• _Aim of the exercise_: Output, exactly and with no pictures, the line that contains "キッチン レミュー I型" and every line that comes after it in the data below, the last one included.

*** Opening Recorded data ***

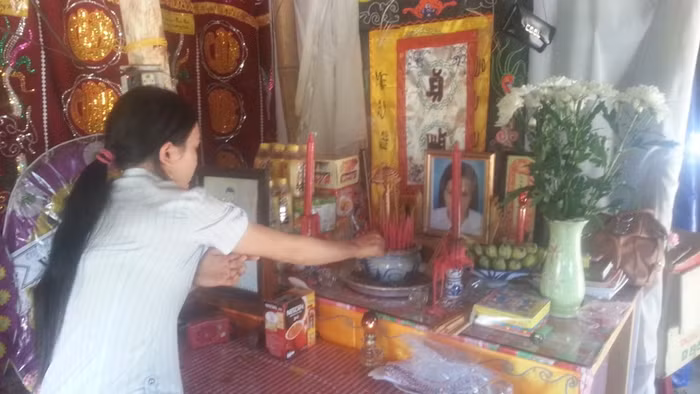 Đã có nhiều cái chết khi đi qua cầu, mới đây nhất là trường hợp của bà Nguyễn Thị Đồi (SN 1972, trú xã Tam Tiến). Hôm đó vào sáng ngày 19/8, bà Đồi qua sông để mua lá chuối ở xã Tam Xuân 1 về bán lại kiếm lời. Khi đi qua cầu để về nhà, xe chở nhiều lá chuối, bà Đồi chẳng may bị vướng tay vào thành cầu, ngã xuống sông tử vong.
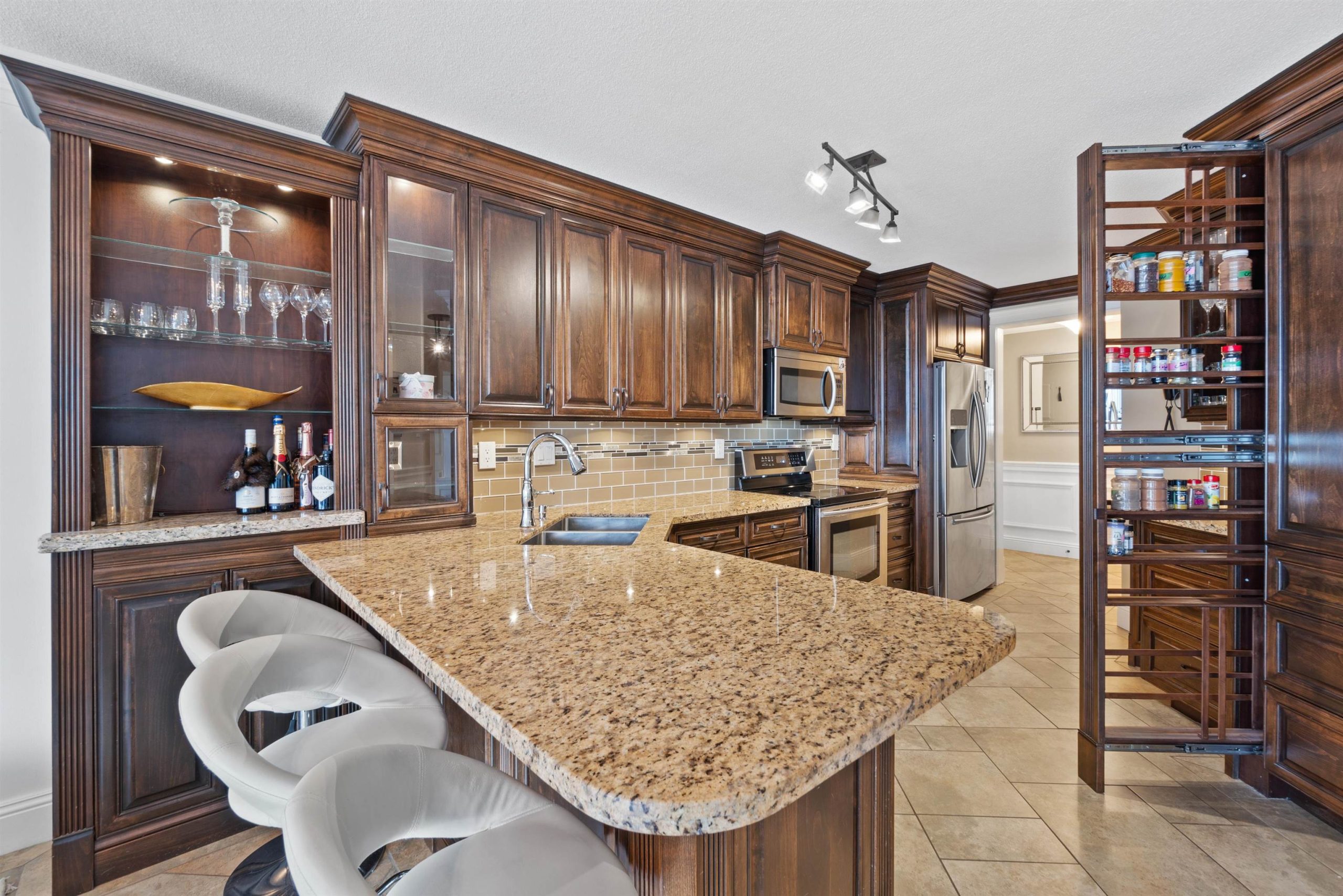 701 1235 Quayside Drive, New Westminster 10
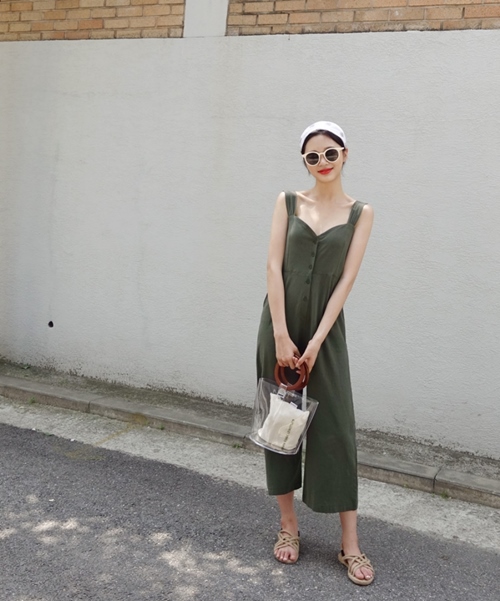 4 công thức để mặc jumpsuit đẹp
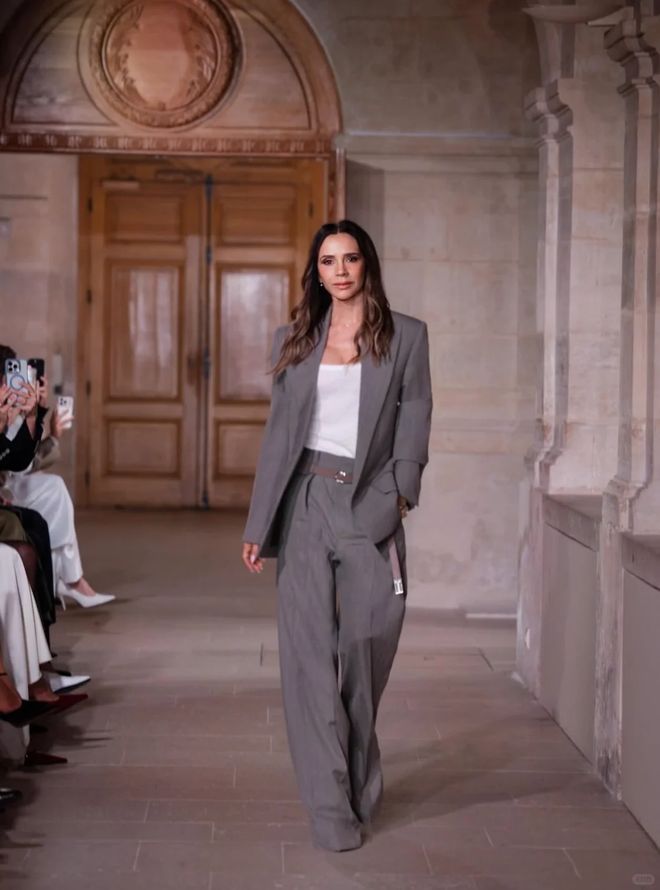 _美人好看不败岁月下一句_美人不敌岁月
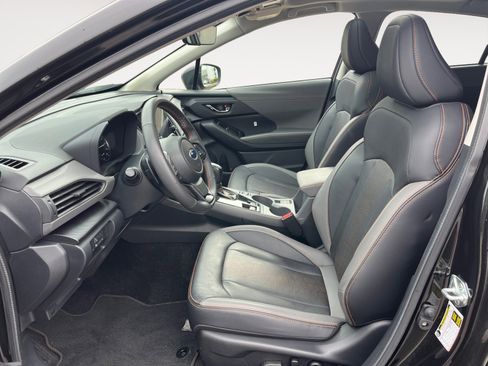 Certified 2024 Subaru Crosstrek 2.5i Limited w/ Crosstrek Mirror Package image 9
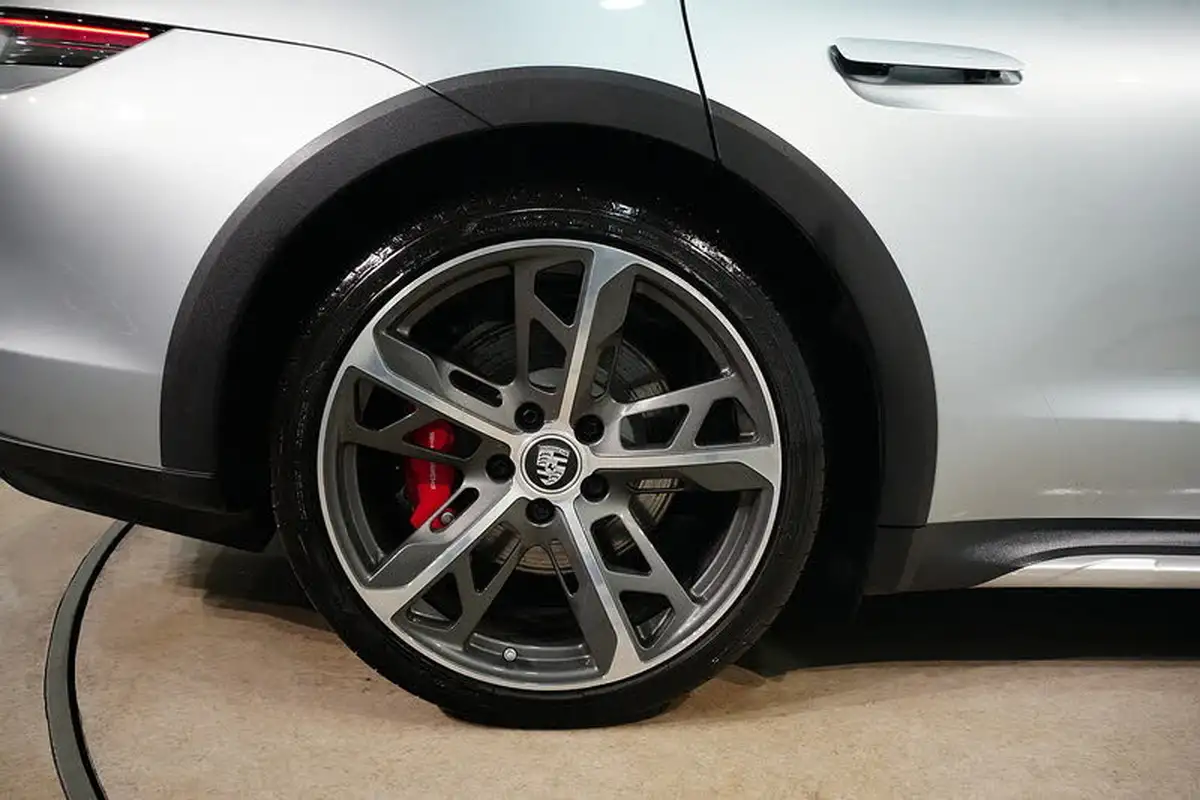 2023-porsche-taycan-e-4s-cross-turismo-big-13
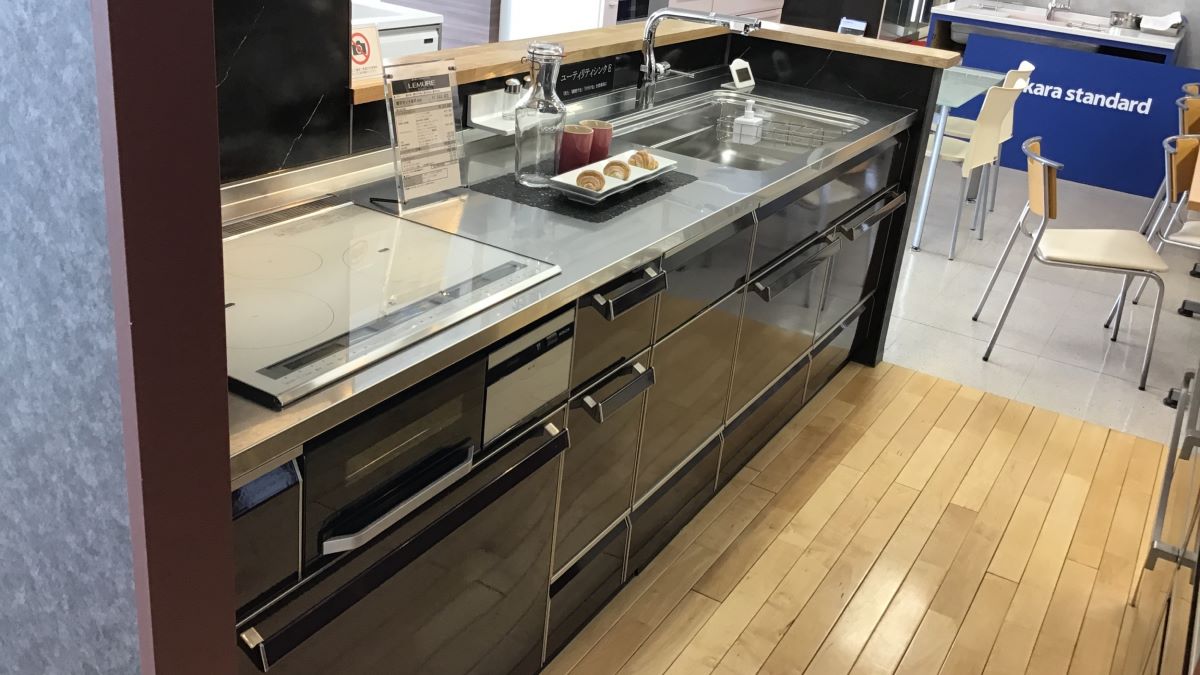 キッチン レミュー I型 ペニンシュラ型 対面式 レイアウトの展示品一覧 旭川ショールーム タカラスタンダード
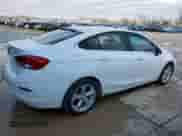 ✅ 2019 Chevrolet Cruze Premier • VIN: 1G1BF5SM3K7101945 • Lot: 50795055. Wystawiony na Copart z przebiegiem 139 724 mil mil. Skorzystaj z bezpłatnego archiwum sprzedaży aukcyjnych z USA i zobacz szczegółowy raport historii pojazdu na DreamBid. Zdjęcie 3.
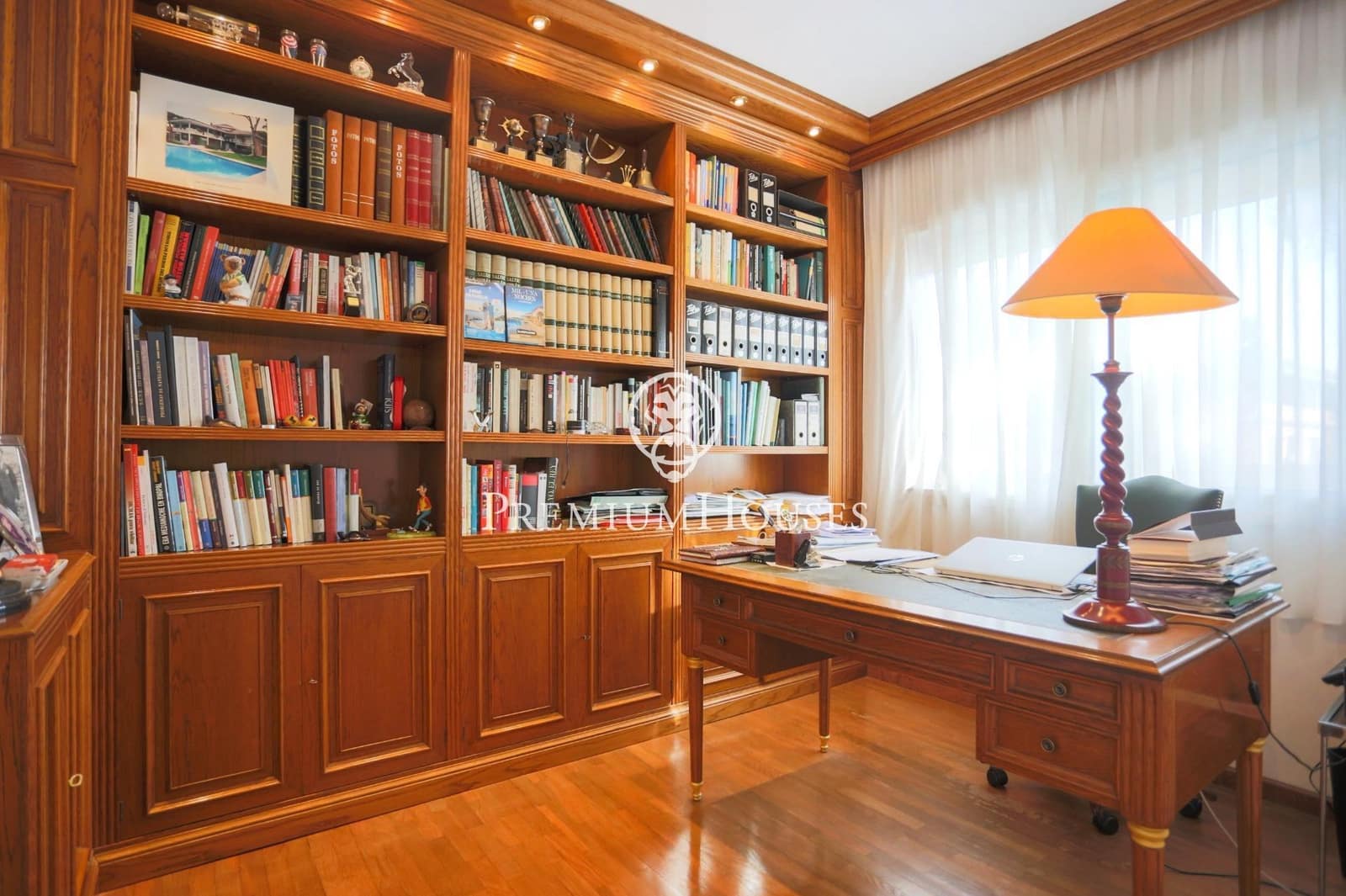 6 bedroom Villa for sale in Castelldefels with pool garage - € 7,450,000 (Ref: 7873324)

*** Closing Recorded data ***

• _Answer to the exercise_:
 キッチン レミュー I型 ペニンシュラ型 対面式 レイアウトの展示品一覧 旭川ショールーム タカラスタンダード
 ✅ 2019 Chevrolet Cruze Premier • VIN: 1G1BF5SM3K7101945 • Lot: 50795055. Wystawiony na Copart z przebiegiem 139 724 mil mil. Skorzystaj z bezpłatnego archiwum sprzedaży aukcyjnych z USA i zobacz szczegółowy raport historii pojazdu na DreamBid. Zdjęcie 3.
 6 bedroom Villa for sale in Castelldefels with pool garage - € 7,450,000 (Ref: 7873324)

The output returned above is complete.